Nabi Muhammad, lanjutnya, sebagai manusia yang sempurna pun pernah merasakan kesedihan dan amarah. Apalagi saat 70 sahabat Rasulullah dikirim ke pertempuran di Bir Mauna.
"Mereka meninggal sebagai Syuhada. Nabi merasa marah sekaligus sedih. Tetapi kemarahan Nabi itu diungkapkan dengan cara menunaikan sholat dan banyak berdoa," jelas Doktor Lulusan UIN Syarif Hidayatullah Jakarta ini.
"Emosi itu bagian jiwa manusia. Emosi berguna sebagai respon atas terjadinya suatu keadaan atau situasi," sambungnya.

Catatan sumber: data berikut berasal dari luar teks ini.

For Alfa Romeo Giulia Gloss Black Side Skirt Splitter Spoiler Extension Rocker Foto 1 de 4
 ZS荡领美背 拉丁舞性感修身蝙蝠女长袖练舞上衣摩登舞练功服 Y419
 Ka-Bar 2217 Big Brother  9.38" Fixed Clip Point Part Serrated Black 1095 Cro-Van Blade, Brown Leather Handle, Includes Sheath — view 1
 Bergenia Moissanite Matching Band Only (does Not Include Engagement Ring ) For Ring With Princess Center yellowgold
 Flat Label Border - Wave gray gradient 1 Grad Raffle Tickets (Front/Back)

Tak cuma perasaan berlarut-larut yang merugikan, tetapi juga perasaan yang berlebihan. Misalnya dalam konteks asmara. Kesedihan dan kebahagiaan, kata Rihab, mudah timbul ketika sedang mencintai seseorang.
"Kita harus mencintai dengan rasa secure (aman, Red) agar terhindar dari rasa ketakutan akan kehilangan atau insecure,” terang Rihab.
Menurut Viktor Frankl, Psikiater asal Austria, sering kali manusia fokus pada mencintai siapa. Tetapi lupa untuk merasa bahwa dirinya itu dicintai.